BEGIN Supplied information

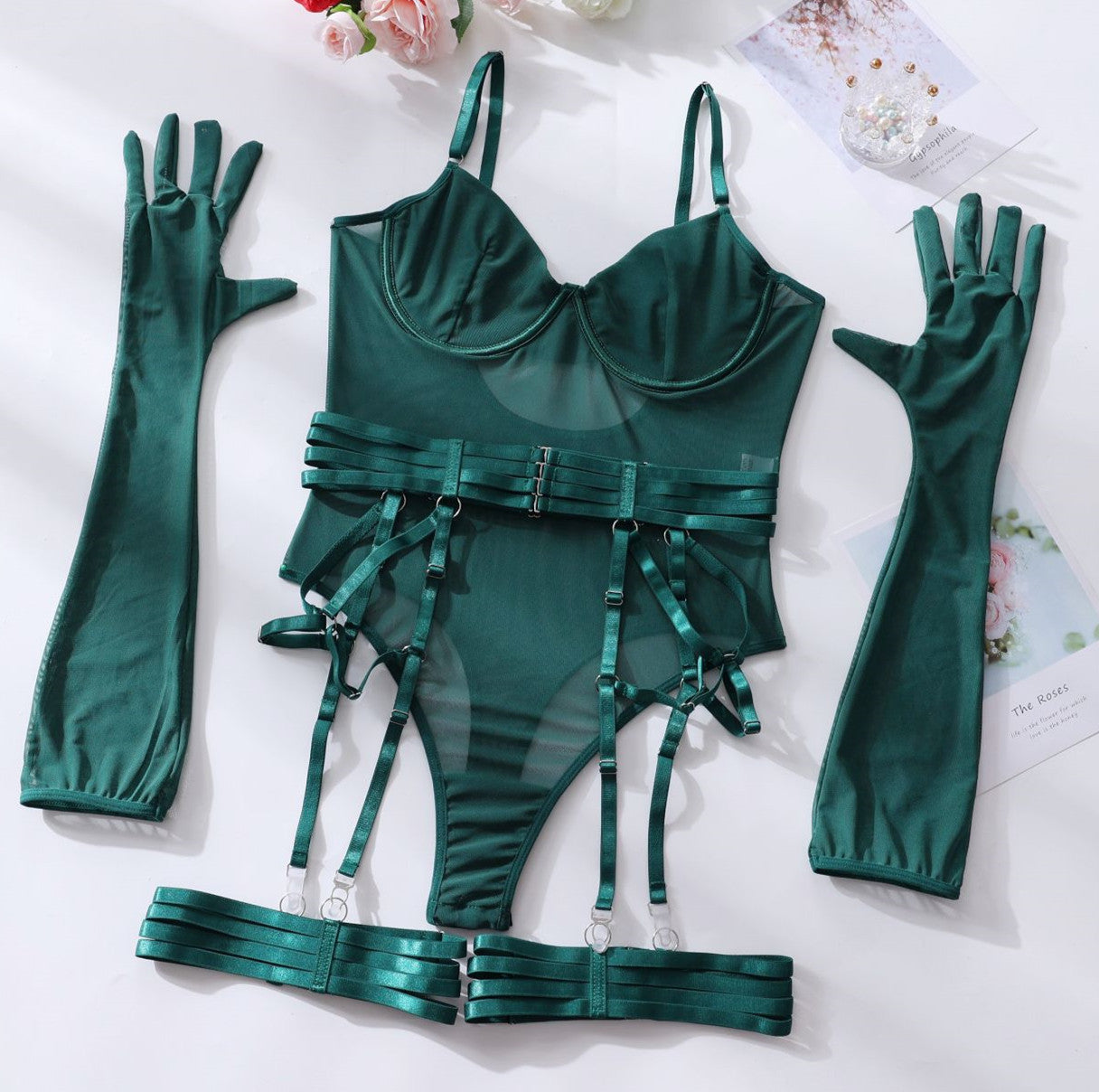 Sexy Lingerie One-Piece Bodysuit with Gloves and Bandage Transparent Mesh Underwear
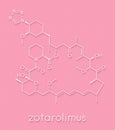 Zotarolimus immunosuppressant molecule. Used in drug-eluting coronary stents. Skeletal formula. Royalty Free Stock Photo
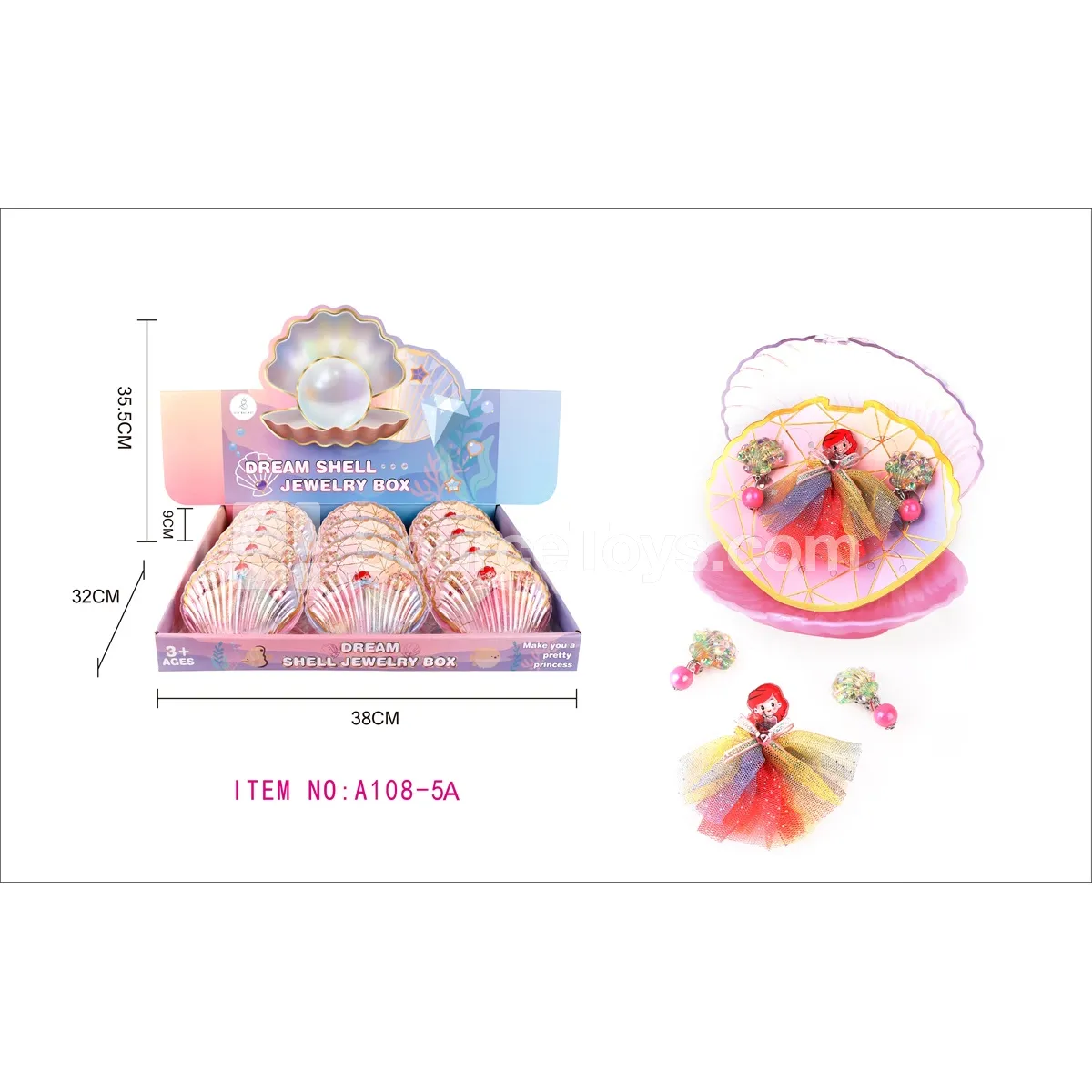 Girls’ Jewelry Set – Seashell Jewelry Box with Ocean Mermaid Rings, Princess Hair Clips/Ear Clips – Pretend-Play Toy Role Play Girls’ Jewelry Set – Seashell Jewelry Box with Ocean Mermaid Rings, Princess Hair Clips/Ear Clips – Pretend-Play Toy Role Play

END Supplied information

When you reach a picture, pass over it; write out all other material exactly.

 Sexy Lingerie One-Piece Bodysuit with Gloves and Bandage Transparent Mesh Underwear
 Zotarolimus immunosuppressant molecule. Used in drug-eluting coronary stents. Skeletal formula. Royalty Free Stock Photo
 Girls’ Jewelry Set – Seashell Jewelry Box with Ocean Mermaid Rings, Princess Hair Clips/Ear Clips – Pretend-Play Toy Role Play Girls’ Jewelry Set – Seashell Jewelry Box with Ocean Mermaid Rings, Princess Hair Clips/Ear Clips – Pretend-Play Toy Role Play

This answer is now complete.